Pictures with short captions
· · · · ·
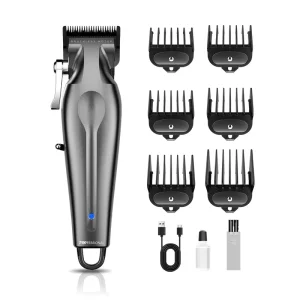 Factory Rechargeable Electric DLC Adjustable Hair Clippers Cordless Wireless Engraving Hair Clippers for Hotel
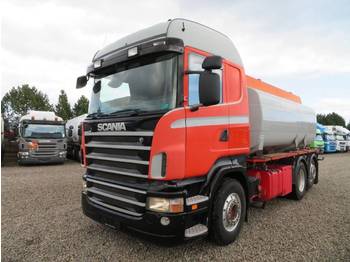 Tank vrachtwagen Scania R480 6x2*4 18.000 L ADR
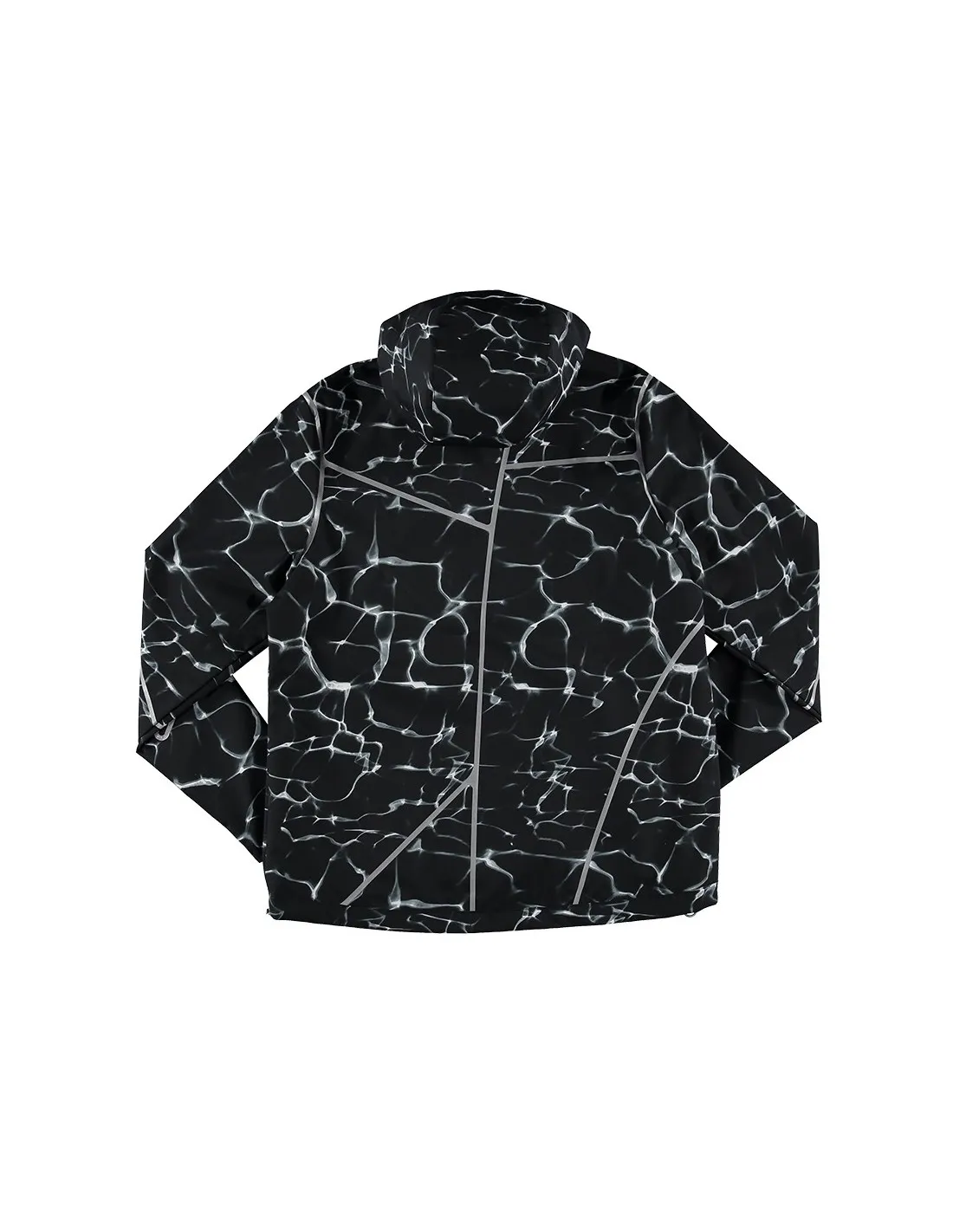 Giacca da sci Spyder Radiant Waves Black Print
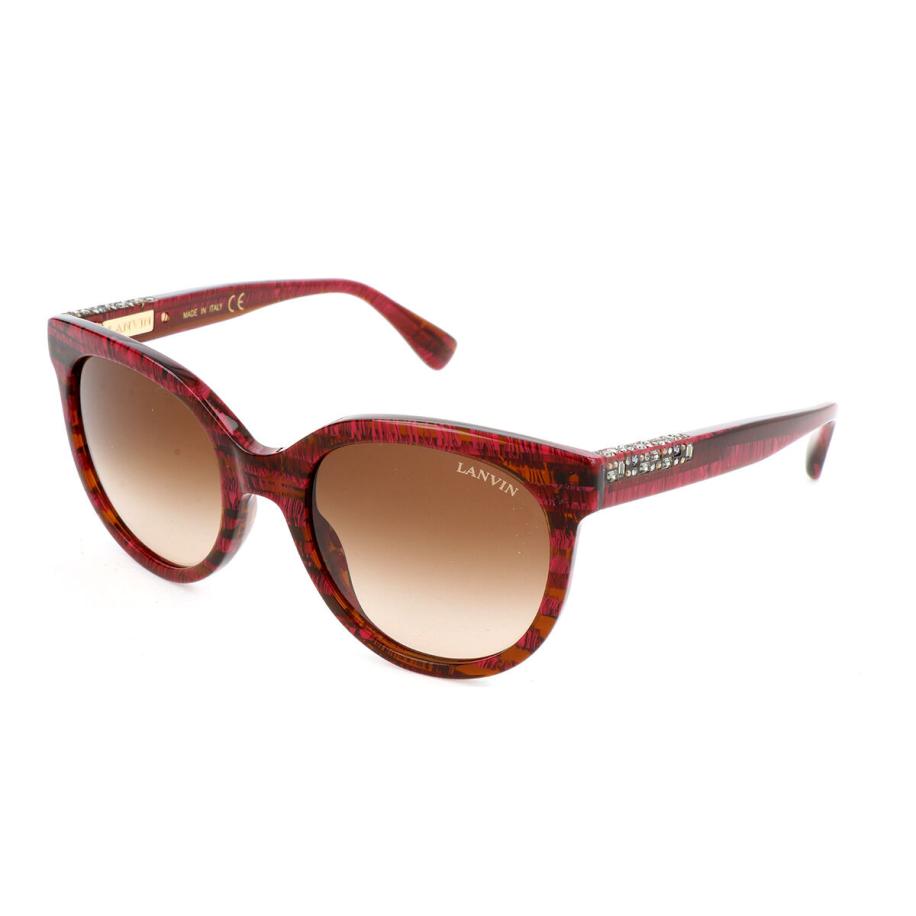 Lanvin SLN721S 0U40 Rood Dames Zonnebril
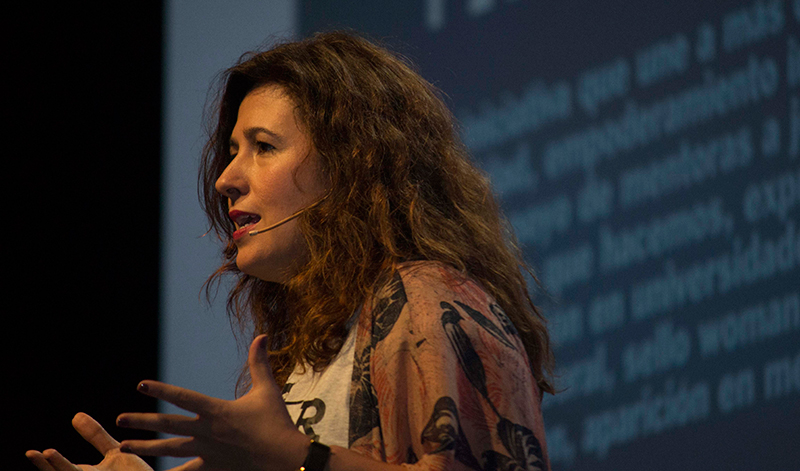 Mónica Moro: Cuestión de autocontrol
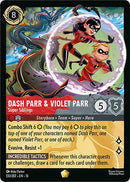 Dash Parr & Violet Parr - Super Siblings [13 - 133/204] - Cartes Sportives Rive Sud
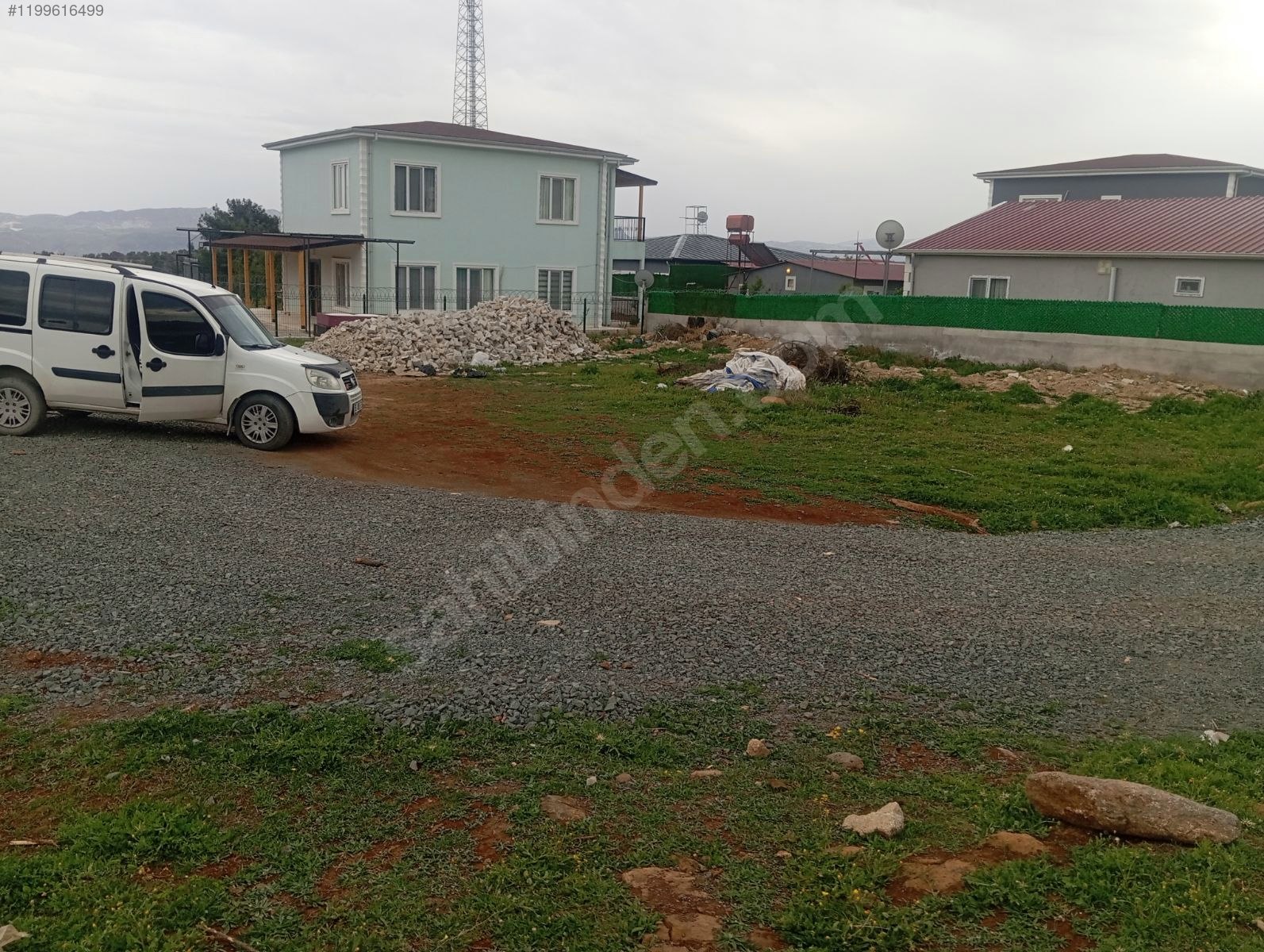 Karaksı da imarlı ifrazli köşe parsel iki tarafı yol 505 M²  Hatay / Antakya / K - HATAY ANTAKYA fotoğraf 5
· · · · ·
_Task statement_
Each line above should be written out again exactly, without any image.

_Solution_
 Factory Rechargeable Electric DLC Adjustable Hair Clippers Cordless Wireless Engraving Hair Clippers for Hotel
 Tank vrachtwagen Scania R480 6x2*4 18.000 L ADR
 Giacca da sci Spyder Radiant Waves Black Print
 Lanvin SLN721S 0U40 Rood Dames Zonnebril
 Mónica Moro: Cuestión de autocontrol
 Dash Parr & Violet Parr - Super Siblings [13 - 133/204] - Cartes Sportives Rive Sud
 Karaksı da imarlı ifrazli köşe parsel iki tarafı yol 505 M²  Hatay / Antakya / K - HATAY ANTAKYA fotoğraf 5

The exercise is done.